Operation of the legislature

Parliament and MPR [PDF 2.73Mb, 18 pages]

Making laws (legislating) is one of the primary functions of both Parliament and the DPR (People’s Representative Chamber (Dewan Perwaiklan Rakyat)). In Indonesia this function is shared between the President and the DPR. Although the Indonesian parliament comprises two chambers – the DPR and DPD – only the DPR has a role in law-making. The DPD (Regional Representative Council (Dewan Perwakilan Daerah)) cannot introduce bills (proposed laws) or vote on bills. It can, however, propose, debate and make recommendations to the DPR on bills relating to regional issues.

In the Australian Parliament a bill (proposed law) must pass through both houses in identical form before it becomes law. In each of the chambers the bill is debated and voted on by the whole chamber. In the DPR most of the work and debate on a bill happens in commissions (committees) of small groups of DPR members, away from the public gaze. Votes are rarely taken in the DPR; most decisions are made by consensus. That is, bills are passed by all members either agreeing to support the bill or to not oppose the bill. Musyawarah mufakat (consensus through the deliberation of representatives) is highly valued in the Indonesian political system and is the basis for the process of making laws.

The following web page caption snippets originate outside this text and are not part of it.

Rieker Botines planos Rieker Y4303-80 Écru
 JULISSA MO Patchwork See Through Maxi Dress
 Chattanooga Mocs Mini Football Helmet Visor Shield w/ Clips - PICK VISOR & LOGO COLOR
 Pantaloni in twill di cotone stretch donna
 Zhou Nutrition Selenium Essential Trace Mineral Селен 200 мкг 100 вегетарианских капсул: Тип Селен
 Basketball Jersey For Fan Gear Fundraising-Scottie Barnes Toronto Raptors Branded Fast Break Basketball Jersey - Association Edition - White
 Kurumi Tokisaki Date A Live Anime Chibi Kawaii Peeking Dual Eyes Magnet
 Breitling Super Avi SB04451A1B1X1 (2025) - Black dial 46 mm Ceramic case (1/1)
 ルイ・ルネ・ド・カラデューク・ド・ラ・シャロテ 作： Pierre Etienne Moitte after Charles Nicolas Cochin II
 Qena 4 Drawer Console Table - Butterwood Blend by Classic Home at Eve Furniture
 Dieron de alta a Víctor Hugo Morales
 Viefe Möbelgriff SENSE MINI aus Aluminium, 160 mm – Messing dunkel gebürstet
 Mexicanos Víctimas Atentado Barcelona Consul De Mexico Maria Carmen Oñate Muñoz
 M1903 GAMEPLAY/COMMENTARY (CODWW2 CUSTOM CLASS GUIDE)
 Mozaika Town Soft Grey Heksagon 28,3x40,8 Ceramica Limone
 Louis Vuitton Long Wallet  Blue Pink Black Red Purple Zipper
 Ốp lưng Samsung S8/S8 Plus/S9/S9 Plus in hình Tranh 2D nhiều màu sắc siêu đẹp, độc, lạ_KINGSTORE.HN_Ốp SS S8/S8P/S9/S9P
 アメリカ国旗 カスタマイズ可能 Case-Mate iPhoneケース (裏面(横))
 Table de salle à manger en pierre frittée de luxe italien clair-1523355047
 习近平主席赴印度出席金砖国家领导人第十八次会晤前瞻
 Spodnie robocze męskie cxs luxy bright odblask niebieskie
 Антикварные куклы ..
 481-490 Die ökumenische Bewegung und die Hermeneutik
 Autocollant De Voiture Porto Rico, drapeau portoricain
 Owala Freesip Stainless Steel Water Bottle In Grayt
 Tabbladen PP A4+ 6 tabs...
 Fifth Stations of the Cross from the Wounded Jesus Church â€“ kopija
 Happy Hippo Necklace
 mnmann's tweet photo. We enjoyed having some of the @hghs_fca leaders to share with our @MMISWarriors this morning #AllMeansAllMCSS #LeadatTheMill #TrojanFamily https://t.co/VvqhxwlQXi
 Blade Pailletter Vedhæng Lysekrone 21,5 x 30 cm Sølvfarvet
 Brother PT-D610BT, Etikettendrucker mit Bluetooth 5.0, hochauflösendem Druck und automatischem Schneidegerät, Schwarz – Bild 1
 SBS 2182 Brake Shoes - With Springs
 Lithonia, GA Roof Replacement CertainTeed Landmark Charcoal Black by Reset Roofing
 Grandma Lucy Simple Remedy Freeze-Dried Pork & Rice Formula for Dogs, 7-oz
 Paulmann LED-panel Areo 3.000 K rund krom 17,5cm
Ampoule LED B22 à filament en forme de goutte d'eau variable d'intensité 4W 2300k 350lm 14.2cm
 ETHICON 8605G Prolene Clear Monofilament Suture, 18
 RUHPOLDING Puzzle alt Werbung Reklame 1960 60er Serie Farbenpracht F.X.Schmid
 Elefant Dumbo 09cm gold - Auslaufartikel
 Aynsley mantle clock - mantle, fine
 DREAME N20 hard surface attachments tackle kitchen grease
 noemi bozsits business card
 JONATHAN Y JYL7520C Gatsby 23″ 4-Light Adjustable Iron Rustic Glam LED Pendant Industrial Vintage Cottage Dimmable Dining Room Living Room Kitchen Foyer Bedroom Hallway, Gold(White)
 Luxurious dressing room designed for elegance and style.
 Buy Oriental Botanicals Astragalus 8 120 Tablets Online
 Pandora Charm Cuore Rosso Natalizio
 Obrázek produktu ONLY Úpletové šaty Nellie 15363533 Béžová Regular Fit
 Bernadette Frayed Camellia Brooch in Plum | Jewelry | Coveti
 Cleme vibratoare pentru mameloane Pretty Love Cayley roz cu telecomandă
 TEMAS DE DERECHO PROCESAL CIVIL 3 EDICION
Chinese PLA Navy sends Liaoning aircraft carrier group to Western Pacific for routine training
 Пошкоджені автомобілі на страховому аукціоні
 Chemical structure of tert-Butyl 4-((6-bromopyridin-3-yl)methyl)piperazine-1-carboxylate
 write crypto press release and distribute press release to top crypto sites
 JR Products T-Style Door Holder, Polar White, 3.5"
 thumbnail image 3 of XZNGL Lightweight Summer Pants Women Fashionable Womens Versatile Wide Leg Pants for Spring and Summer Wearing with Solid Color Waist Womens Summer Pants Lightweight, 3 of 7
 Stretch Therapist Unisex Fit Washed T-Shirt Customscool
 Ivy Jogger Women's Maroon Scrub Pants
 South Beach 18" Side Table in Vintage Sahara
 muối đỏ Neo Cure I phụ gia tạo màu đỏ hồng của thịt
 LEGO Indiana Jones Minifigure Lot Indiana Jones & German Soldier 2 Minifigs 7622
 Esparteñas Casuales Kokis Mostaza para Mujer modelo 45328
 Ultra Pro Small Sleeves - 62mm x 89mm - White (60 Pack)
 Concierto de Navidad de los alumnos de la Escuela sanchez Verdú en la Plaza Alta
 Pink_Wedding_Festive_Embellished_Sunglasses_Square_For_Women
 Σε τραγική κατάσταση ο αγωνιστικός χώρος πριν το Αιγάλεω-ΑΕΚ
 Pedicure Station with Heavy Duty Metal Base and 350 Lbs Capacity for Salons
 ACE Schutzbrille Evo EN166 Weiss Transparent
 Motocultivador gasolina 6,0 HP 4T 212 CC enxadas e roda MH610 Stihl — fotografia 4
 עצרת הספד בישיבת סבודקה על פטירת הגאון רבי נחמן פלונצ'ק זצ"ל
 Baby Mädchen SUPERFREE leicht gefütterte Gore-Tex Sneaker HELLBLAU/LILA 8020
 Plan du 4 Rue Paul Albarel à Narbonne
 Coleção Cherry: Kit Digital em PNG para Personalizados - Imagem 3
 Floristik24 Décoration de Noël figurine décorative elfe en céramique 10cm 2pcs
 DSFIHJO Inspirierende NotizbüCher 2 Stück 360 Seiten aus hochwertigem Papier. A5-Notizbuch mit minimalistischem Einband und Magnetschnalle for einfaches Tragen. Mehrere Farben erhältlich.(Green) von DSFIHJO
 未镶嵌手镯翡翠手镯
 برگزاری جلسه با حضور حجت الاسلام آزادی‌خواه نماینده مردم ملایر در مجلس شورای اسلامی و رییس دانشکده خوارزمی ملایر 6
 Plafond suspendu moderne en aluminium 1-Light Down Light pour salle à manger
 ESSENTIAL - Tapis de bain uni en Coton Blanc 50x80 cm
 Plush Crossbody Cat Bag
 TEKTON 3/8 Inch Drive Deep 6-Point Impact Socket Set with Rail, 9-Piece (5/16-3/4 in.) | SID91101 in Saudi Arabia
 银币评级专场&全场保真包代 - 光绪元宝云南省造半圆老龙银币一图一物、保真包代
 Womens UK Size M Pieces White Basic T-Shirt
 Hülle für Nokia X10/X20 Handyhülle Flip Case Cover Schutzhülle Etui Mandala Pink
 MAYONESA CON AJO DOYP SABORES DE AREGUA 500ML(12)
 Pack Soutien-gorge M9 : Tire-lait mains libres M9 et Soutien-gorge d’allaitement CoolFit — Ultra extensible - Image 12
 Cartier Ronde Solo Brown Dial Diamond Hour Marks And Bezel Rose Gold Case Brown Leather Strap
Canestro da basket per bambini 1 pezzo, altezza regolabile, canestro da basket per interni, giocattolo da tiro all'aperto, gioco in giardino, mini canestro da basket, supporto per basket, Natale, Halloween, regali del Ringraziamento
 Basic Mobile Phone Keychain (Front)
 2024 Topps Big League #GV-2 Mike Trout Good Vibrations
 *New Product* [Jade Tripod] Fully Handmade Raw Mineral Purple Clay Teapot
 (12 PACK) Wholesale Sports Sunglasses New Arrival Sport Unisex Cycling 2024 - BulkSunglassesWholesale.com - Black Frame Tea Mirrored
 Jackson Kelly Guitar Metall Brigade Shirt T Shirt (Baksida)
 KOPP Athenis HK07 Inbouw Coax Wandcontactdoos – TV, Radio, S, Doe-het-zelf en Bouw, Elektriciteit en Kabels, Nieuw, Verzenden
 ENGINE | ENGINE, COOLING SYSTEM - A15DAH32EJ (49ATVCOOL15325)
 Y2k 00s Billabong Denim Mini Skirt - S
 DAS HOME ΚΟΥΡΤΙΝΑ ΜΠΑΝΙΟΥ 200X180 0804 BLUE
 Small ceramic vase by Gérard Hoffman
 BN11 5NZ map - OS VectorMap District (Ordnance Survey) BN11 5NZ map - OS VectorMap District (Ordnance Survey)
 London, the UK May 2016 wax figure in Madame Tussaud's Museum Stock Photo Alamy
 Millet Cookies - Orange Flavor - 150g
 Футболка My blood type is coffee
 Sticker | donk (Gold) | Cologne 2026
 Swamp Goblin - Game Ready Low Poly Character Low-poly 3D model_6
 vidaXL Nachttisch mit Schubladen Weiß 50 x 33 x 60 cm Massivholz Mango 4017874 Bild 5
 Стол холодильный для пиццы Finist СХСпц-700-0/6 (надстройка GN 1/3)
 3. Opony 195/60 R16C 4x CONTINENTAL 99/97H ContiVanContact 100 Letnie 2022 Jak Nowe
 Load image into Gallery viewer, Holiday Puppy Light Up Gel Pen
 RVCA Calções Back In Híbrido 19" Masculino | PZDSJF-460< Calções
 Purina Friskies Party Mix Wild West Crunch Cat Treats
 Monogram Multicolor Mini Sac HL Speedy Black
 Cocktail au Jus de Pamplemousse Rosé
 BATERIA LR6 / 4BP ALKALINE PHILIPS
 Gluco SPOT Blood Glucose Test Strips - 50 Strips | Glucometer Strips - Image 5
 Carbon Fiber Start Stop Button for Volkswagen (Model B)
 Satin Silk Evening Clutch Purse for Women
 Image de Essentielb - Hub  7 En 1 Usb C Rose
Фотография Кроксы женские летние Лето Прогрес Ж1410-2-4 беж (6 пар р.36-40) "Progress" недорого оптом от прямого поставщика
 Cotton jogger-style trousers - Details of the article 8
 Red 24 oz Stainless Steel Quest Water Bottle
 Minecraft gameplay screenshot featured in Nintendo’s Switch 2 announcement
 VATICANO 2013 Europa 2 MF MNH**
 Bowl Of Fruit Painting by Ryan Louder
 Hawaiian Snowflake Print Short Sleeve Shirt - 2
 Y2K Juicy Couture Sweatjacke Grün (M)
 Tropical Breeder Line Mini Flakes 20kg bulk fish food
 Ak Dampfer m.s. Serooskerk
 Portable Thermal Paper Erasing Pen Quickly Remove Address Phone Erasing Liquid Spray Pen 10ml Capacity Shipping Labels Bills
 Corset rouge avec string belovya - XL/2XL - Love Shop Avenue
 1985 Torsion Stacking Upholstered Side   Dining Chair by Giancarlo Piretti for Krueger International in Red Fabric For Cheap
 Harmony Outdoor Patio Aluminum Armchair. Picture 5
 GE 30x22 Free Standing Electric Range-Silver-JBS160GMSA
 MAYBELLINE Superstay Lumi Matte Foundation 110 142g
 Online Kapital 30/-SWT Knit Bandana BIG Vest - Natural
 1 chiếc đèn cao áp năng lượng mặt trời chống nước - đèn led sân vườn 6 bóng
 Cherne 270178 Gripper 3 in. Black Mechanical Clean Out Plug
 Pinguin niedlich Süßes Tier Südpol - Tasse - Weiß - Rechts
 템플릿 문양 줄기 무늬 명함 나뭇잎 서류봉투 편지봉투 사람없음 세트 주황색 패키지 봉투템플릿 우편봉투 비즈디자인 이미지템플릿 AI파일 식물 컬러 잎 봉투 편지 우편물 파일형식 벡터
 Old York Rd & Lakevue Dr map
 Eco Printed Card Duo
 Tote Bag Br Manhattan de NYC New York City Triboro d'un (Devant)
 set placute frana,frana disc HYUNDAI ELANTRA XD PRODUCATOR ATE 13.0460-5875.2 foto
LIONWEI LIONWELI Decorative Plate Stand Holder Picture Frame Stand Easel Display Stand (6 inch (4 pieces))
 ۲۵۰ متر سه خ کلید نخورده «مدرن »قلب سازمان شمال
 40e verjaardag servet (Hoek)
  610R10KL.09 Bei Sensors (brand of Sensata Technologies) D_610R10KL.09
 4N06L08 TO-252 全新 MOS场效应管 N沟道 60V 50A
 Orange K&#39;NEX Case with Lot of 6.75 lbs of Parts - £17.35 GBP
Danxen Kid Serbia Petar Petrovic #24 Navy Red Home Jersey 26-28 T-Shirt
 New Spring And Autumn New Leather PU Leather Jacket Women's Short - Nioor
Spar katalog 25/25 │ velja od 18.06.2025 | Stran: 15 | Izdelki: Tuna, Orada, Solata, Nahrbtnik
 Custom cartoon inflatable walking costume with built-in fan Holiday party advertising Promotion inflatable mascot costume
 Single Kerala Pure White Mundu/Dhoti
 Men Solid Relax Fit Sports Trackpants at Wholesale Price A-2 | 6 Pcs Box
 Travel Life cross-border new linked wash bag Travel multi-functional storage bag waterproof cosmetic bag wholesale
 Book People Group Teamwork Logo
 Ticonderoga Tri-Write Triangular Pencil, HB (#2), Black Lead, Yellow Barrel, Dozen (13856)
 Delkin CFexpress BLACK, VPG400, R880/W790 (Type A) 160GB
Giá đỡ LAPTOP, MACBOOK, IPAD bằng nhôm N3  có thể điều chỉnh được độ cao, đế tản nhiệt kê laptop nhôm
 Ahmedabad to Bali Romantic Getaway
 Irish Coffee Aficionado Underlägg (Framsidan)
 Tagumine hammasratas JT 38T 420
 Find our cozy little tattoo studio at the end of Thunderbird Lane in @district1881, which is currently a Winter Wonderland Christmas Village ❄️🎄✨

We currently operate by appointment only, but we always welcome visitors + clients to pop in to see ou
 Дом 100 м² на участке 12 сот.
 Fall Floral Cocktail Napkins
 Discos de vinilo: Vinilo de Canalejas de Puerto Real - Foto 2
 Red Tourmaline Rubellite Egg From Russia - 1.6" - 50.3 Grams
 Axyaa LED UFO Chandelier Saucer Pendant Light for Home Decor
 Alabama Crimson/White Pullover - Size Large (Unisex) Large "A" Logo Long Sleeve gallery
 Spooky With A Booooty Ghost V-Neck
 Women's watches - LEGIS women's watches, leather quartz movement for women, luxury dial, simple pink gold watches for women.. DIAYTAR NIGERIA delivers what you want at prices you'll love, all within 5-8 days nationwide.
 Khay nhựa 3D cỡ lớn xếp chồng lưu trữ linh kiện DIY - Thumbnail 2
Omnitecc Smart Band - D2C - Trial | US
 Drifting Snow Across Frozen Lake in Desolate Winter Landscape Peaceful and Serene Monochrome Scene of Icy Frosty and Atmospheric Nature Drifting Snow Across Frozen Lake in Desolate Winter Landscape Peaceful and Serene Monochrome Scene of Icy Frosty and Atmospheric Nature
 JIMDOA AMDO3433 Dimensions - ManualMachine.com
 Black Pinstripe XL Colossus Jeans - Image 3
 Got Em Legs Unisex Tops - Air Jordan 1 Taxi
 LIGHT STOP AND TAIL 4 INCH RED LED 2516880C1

The following table provides an overview of the distinguishing features of both nations’ legislatures.



  • The House of Representatives has 151 members. Each member represents an electorate.
  • The Senate has 76 senators. Each state is represented by 12 senators, and the Northern Territory and ACT are represented by two senators each.
  • The number of members of the House of Representatives is as close as practicable to twice the number of Senators.


  • The MPR is comprised of two chambers:
    • DPR (People’s Representative Chamber) has 560 members.
    • DPD (Regional Representative Chamber) has 132 members – four for each of the 33 provinces.
  • The number of DPD members is limited to one-third of the total members of the DPR.


  • Bills are usually introduced by a minister (government bills) in the House of Representatives. Bills can also be introduced in the Senate.
  • A small number of bills are introduced by other members of Parliament (private member bills), although few become law.
  • Bills must be introduced, debated and agreed to by both houses.
  • Bills may be changed (amended) by both the House of Representatives and the Senate, although changes must be agreed to by both houses to become law.
  • There are some restrictions on the types of bills that can be introduced by private members or in the Senate; and on the amendments the Senate can make to money (budget) bills.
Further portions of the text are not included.